----- TASK INPUT

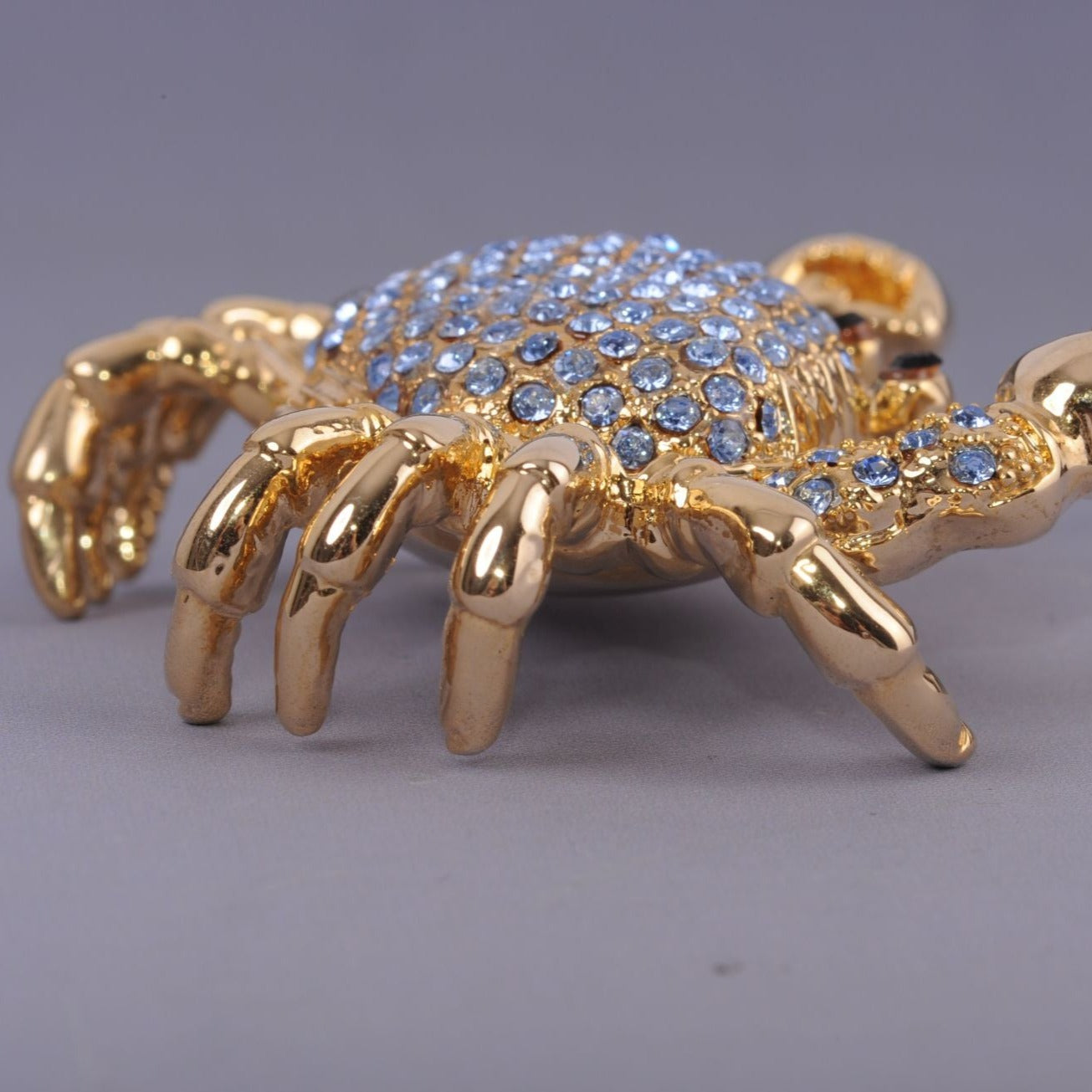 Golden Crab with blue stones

----------
----- TASK INPUT

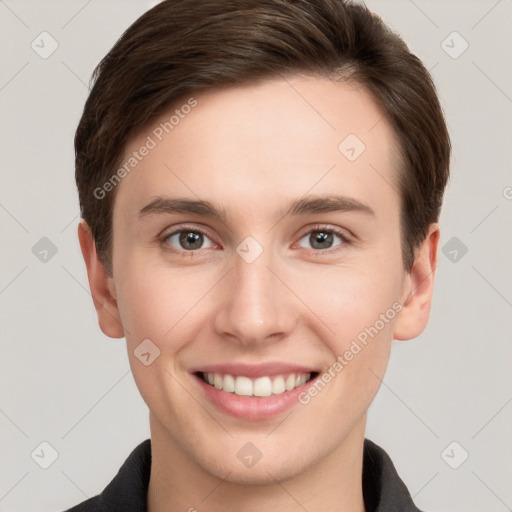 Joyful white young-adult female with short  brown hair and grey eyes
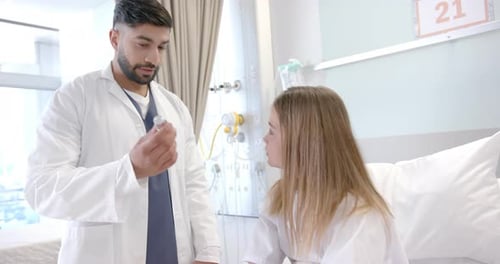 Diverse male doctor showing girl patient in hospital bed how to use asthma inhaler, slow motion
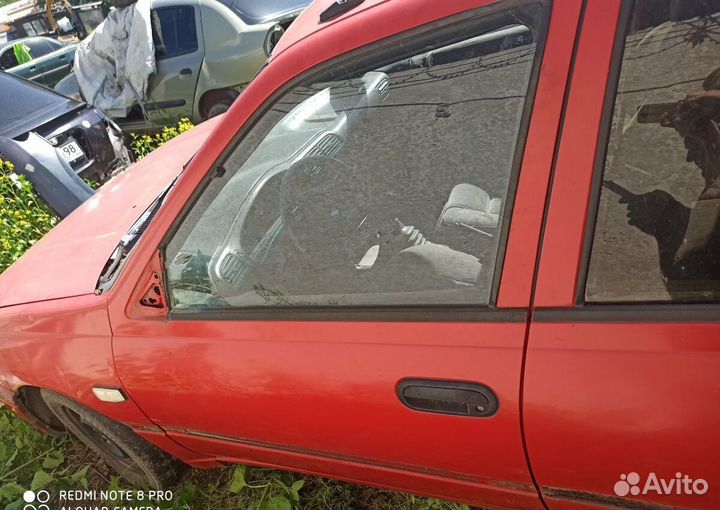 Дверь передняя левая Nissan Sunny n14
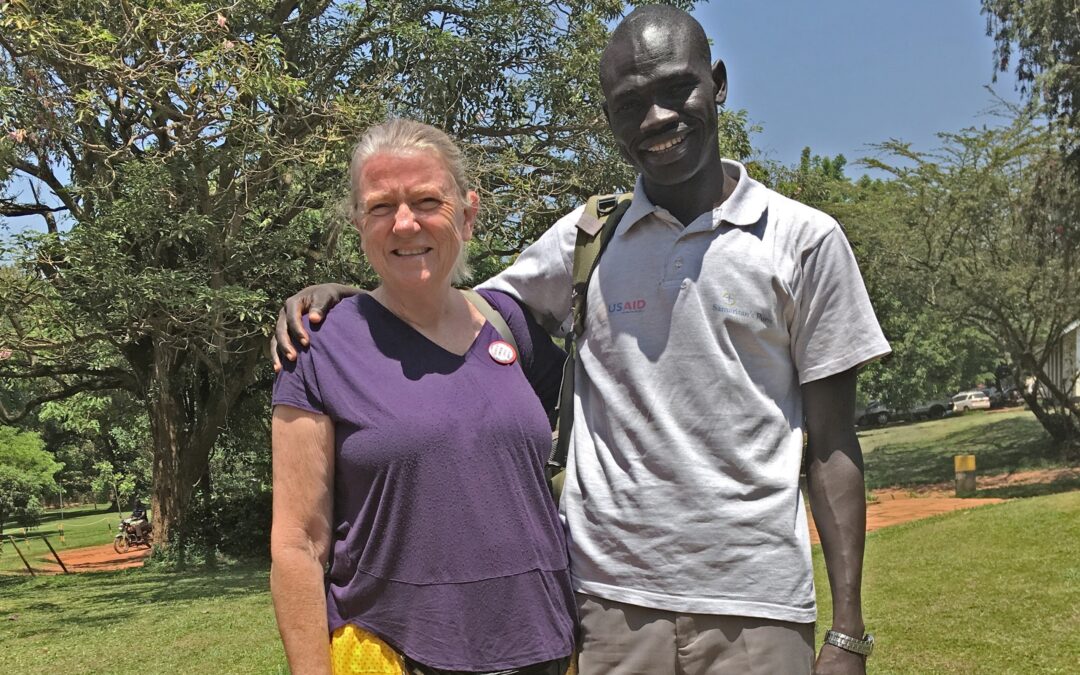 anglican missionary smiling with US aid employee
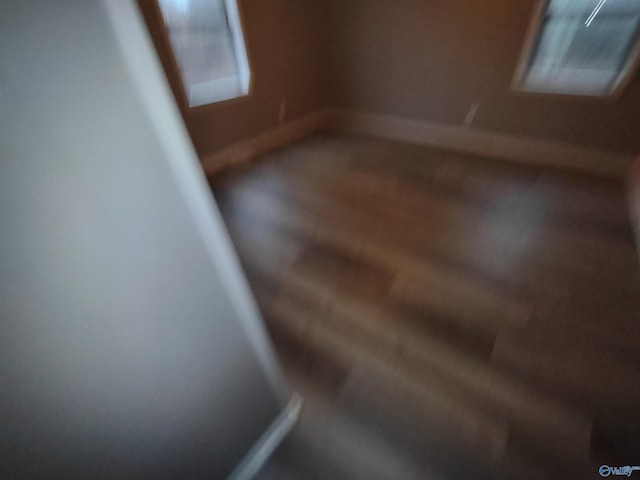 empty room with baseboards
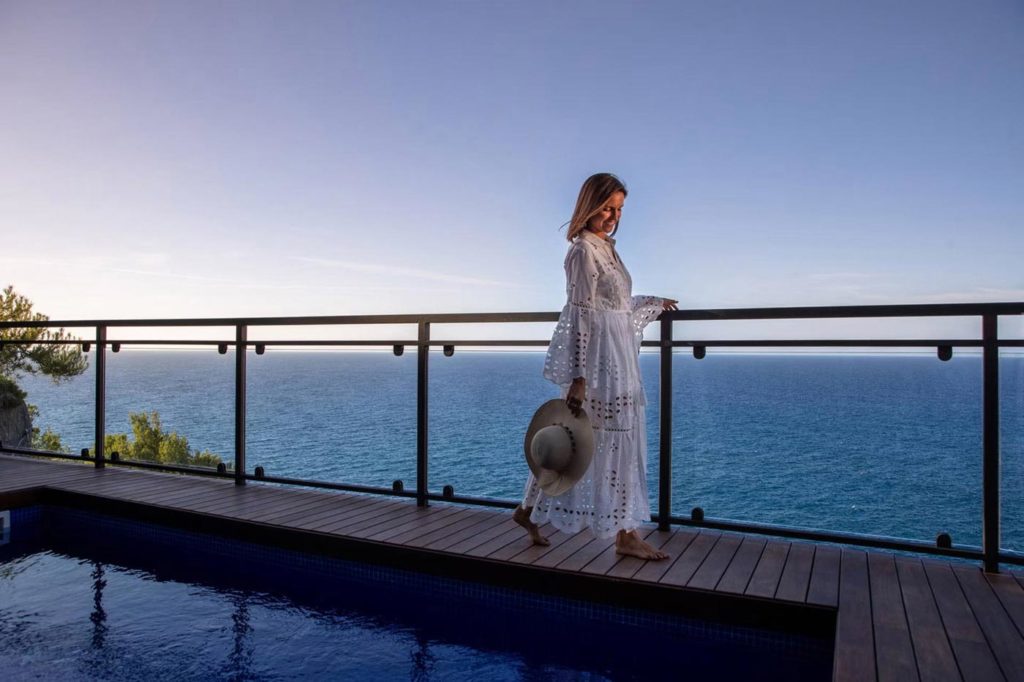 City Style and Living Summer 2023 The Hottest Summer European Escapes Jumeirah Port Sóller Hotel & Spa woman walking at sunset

----------
----- TASK INPUT

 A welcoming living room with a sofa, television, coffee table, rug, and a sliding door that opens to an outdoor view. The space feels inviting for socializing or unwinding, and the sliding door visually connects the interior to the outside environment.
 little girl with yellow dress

----------

**YOUR GOAL**
Lines wanted from the entries above: the one with "Joyful white young-adult", the one with "City Style and", and all lines between. Please copy them exactly, without the pictures and without anything else.

**RESULT BELOW**
 Joyful white young-adult female with short  brown hair and grey eyes
 Diverse male doctor showing girl patient in hospital bed how to use asthma inhaler, slow motion
 Дверь передняя левая Nissan Sunny n14
 anglican missionary smiling with US aid employee
 empty room with baseboards
 City Style and Living Summer 2023 The Hottest Summer European Escapes Jumeirah Port Sóller Hotel & Spa woman walking at sunset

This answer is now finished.